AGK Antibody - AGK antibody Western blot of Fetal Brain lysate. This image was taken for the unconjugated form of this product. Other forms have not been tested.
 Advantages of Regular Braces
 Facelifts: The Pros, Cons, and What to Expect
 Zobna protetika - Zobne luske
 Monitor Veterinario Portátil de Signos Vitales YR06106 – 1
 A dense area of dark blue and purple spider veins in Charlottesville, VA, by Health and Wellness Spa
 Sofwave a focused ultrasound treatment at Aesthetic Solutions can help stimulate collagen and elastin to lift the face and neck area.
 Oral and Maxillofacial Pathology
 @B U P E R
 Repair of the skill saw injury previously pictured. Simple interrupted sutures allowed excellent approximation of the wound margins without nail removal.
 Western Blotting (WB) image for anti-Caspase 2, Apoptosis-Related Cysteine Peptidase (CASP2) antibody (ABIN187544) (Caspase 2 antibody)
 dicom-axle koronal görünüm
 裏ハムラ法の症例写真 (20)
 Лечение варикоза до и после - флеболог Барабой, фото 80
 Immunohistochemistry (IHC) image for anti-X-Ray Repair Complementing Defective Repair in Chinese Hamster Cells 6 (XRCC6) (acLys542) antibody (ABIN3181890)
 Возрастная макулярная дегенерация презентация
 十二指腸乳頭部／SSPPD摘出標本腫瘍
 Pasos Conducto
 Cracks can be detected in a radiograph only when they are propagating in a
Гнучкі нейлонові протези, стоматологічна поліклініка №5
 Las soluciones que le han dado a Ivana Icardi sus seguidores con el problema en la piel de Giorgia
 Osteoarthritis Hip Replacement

■ ■ ■ ■

In the entries above, copy each line that contains the string "area".

 A dense area of dark blue and purple spider veins in Charlottesville, VA, by Health and Wellness Spa
 Sofwave a focused ultrasound treatment at Aesthetic Solutions can help stimulate collagen and elastin to lift the face and neck area.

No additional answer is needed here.